Il prestito è un modo insolito per un fondo di capitale di rischio di raccogliere denaro perché sta investendo in società non dimostrate. Questo ha fatto pressione sul Vision Fund affinché iniziasse a fare soldi in fretta. Secondo un portavoce del Vision Fund, attualmente il Vision Fund investe in 88 aziende. WeWork è tra i più grandi investimenti del fondo. Molti degli altri investimenti stanno bruciando denaro e non hanno tracciato una strada chiara per realizzare un profitto. Tre di loro ci sono servizi di ride-hailing, che sono bloccati in una brutale guerra dei prezzi. La strategia d’investimento del fondo è incentrata sul dare alle startup un sacco di denaro per crescere rapidamente. L’obiettivo è quello di aiutare un’azienda ad aggredire il proprio mercato e poi renderla pubblica, consentendo al Vision Fund di uscire con un notevole ritorno economico.

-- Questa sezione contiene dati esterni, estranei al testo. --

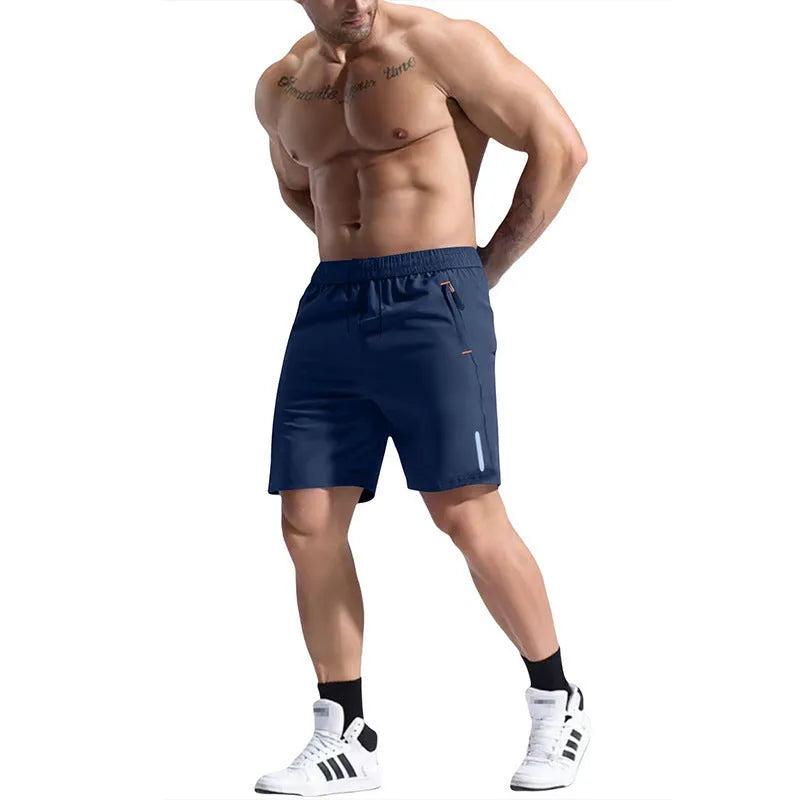 Men's bamboo blend sports shorts in army green with an elastic drawstring waist.
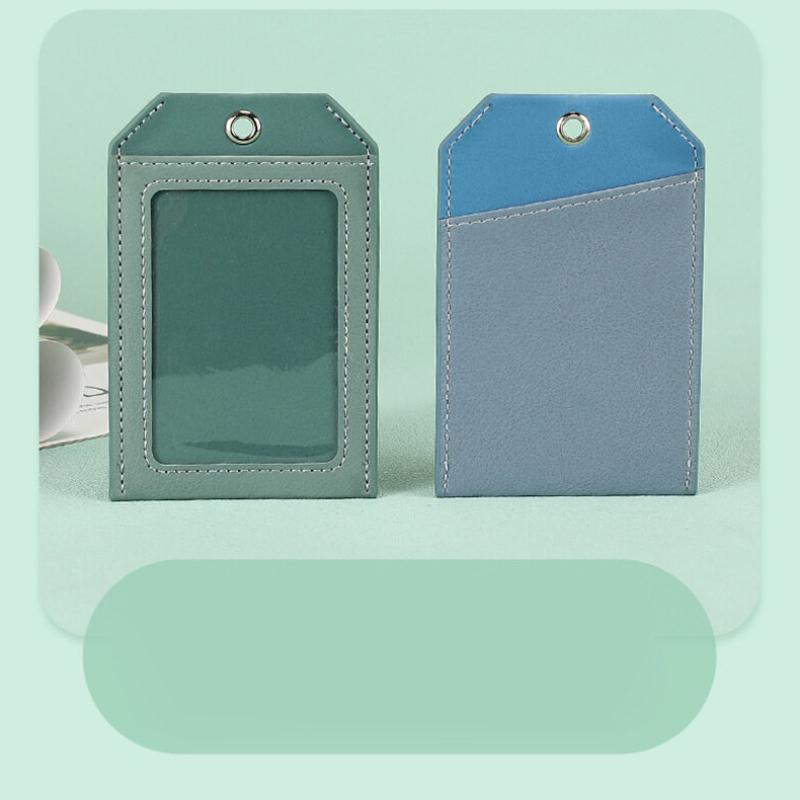 2 Card Slot Employee Work ID Card Set Hanging Rope PU Leather Bus Meal Card Chest Badge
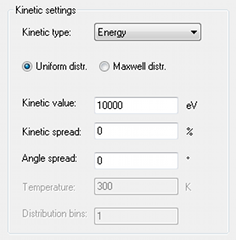 Section in all emission dialog boxes to define the kinetic emission settings.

Il fondo ha investito a un ritmo frenetico. I 100 miliardi di dollari dovevano durare quattro anni, ma sono quasi scomparsi dopo solo due anni. Ma non ha ancora incassato la maggior parte dei suoi investimenti e, delle società che sono diventate pubbliche, alcune hanno ottenuto risultati inferiori alle aspettative. La partecipazione del fondo in Uber, adesso pubblicamente quotata, ora vale meno di quello che il fondo ha pagato per investire, e i suoi profitti su Slack sono in calo da quando l’app di messaggistica si è resa pubblica. Per le aziende ancora private in portafoglio, il Vision Fund ha a volte sbilanciato queste start-up con più liquidità di quanto richiesto. La startup di gog-walking Wag cercava 75 milioni di dollari di finanziamenti prima che il Vision Fund la convincesse a prendere 300 milioni di dollari. L’investimento è stato quello di aiutare la startup a sconfiggere il suo rivale, Rover, ma la crescita di Wag si è arrestata, mentre le vendite di Rover hanno continuato ad aumentare. Ora Wag sta cercando di vendersi, probabilmente ad un prezzo inferiore ai 650 milioni di dollari di valutazione dell’investimento del Vision Fund.

Alla fine del 2018, il Vision Fund ha fatto una grande scommessa su Fair, una startup che noleggia auto ai consumatori, oltre che ai conducenti di veicoli a motore. Ma gli ex dipendenti hanno detto che l’azienda si è espansa e ha offerto promozioni che hanno reso il leasing auto non redditizio. Il loro CEO si è dimesso in ottobre, dopo che l’azienda ha licenziato il 40% della sua forza lavoro. Il CdA di Fair ha temporaneamente installato un socio del Vision Fund al suo posto. SoftBank ha anche installato uno dei suoi dirigenti, Marcelo Claure, come Presidente Esecutivo di WeWork, dopo che il CEO della startup, Adam Neumann, è stato espulso. SoftBank ha anche investito altri 6,5 miliardi di dollari in WeWork per stabilizzare l’azienda. Il CEO di SoftBank, Masayoshi Son, si è preso la colpa per la debacle di WeWork quando ha annunciato a novembre che il fondo aveva una perdita operativa di quasi 9 miliardi di dollari per il suo trimestre più recente.

Nonostante il breve track record del fondo, SoftBank sta cercando di raccogliere denaro per un secondo Vision Fund. L’arrivo del Vision Fund ha causato un cambiamento tettonico nella velocità e nella scala di investimento delle startup, ma resta da vedere se sono in grado di trovare costantemente dei vincitori nella Silicon Valley.